Last week, the iconic American fashion company Levi Strauss returned to public markets after more than three decades of private ownership. Shares surged 30% on the day of the initial public offering (IPO), pushing investor hopes even higher for the more than 300 US companies expected to go public. Excitement is particularly high around Unicorns –private start-ups valued at more than $1 billion –such as Lyft, AirBnB, and Uber. Named for their rarity, such companies are hard to find and usually draw a great deal of attention when their shares are opened to the public for the first time. Despite worries of a flattening yield curve, believed by many to signal a recession is imminent, Goldman Sachs expects future filings to generate a record $80 billion for 2019. This is largely thanks to these Unicorn IPOs, as investors’ fear of missing out leads them overlook profitability in favour of user growth as they race to take part in ‘the next big thing’. Buying shares in a Unicorn IPO is a risky move, but can pay off handsomely in the long-run. Something for this year’s investment groups? Let’s have a look at what’s on offer…
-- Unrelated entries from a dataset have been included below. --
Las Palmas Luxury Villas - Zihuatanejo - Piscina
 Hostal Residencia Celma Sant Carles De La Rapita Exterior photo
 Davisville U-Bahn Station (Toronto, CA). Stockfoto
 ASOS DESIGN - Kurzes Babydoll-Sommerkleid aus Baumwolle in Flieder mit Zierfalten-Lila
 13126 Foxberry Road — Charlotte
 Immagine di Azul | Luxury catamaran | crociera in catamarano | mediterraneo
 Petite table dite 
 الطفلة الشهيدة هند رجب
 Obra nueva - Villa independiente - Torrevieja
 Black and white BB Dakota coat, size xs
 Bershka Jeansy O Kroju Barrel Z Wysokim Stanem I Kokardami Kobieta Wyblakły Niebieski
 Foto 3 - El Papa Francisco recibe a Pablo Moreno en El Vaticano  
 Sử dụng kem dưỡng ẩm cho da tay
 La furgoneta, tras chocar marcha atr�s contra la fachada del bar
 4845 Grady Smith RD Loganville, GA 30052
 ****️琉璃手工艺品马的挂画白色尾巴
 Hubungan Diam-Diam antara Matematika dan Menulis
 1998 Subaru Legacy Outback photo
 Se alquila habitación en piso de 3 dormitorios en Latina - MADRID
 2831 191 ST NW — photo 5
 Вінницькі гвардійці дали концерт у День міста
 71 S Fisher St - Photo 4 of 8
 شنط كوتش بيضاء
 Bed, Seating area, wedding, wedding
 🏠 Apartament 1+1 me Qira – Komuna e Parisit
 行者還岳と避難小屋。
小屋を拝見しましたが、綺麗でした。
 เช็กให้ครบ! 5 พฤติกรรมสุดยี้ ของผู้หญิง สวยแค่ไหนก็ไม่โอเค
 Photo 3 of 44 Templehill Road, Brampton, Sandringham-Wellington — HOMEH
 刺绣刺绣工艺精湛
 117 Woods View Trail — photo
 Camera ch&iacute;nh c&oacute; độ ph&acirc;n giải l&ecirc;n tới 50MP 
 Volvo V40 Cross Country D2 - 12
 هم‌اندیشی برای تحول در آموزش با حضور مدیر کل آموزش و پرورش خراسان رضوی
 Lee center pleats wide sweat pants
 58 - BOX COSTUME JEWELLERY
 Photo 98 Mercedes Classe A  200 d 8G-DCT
This year is looking like a historical one for companies engaged in the sharing economy. Ride-hailing app Lyft went public on Friday 29th March at an initial valuation of $20.5 billion, with shares being priced at the upper end of their expected range. Upon market open, shares jumped almost 20% from their opening price. This comes as no surprise, given that the order book for the company’s shares was filled within 24 hours amid strong investor demand. Though Lyft is now in the spotlight, having become the first US ride-hailing service to go public, even more hype can be expected from the yet-to-be-announced IPO of its arch-rival Uber. With 39% of the US ride-hailing market, Lyft has a lower penetration than Uber and has yet to turn a profit. Meanwhile, Uber continues to grow at an astonishing rate, generating revenues of $11.3 billion in 2018 and achieving four times as many customers as Lyft. The still privately-owned ride-hailing giant is speculated to achieve a valuation of over $100 billion when it goes public.
AirBnB is another sharing-economy Unicorn that is expected to go public in the foreseeable future. The home-sharing platform is already causing a big headache to traditional hotels, having captured more spending by US consumers than the industry giant Hilton in 2018. AirBnB has been profitable for the past two years, generating 2.6 billion in sales for 2017 and almost $4 billion in private funding. Its growth is unlikely to slowdown anytime soon, with a whopping 500 million guests expected by first quarter 2019. However, many are concerned of growing competition from the likes of Booking.com and Expedia as they pursue their own ‘alternative accommodations’ strategies. Others fear regulatory backlashes; in Amsterdam, for example, landlords using the AirBnB platform to offer their entire home are restricted to renting out their property for a maximum of 30 days per year and cannot host more than four adults per location. Nevertheless, AirBnB’s disruptive nature and wide coverage will certainly make its IPO one to keep an eye on.
Pinterest is also in the headlines after it filed for an IPO. The image sharing app has 265 million monthly users and showed strong financial performance, with revenues jumping 60% from $473 million in 2017 to $756 million in 2018. Meanwhile, losses halved to $63 million last year as it continues along the path to profitability. Another tech-related Unicorn to keep an eye on is Slack, the workplace messaging app which can be seen as WhatsApp for professional use. Unlike the others, however, Slack intends to perform a direct listing as opposed to an IPO. In a direct listing, such as that of Spotify last year, no new shares are issued and as such no new capital is raised from turning to the public market.
These Unicorns coming to public markets presents an interesting but risky opportunity for investors, particularly given the turbulence and uncertainty of current markets. Nevertheless, it is likely that these Unicorns will achieve high valuations upon their debut as investors buy into their promise of future earnings. However, investors should acknowledge a possible post-IPO hangover when hype turns to doubt as markets no longer buy the story–and with painful consequences. Snap, the maker of popular social media app Snapchat, serves as an adequate example. Despite shares going public at $17 and quickly soaring 50% on the first day of trading, even investors who managed to get their hands on shares at their debut price would be hurting as the stock sank to less than $5 at the end of 2018. So investors beware; Unicorns may look pretty, but their horns can hurt!